/u/161719 tells us all why surveillance is not OK - davidbarker
http://www.reddit.com/r/conspiracy/comments/1fwj66/u161719_tells_us_all_why_surveillance_is_not_ok/
======
hacknat
I like this a lot. It does a good job of dispelling the poor I've-got-nothing-
to-hide defense. Being against a surveillance state isn't about being against
the state being able to prosecute criminals, it's about being against giving
the state (a group of people) the architecture to leverage personal
information to maintain a political agenda. This sounds conspiratorial in the
US and, I think, for now, it kind of is. However liberty is chipped away in
bits and pieces, not in broad swings of an axe.

"161719" is absolutely right, it probably won't be Obama, or the next
President, or the President after that abuses the surveillance architecture
that has been put in place. However, the day will come when the chips are down
on some administration, because of some terrorist attack (domestic or foreign)

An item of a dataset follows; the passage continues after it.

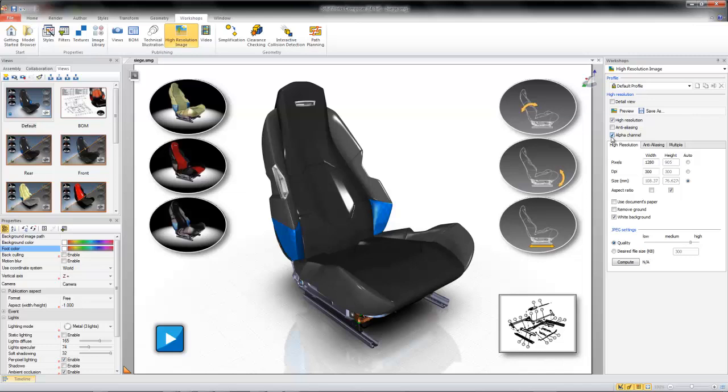Overall, SOLIDWORKS Composer offers various tools to help you control the appearance of your background and keep your product imagery standardized and professional. Please check out the SOLIDWORKS Composer YouTube channel for more tips, tricks, and information. Thank you for watching.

or politically volatile situation, and there will be immense political and
moral support for them to utilize our, now, nascent surveillance architecture
to stop bad things from happening that are morally gray (like a political
movement that is highly divisive). That's the nightmare scenario. Those who
take the government's surveillance abuses seriously aren't (de facto) anti-
security or anti-law-and-order they are concerned, I think, rightly so about
the path we are headed down.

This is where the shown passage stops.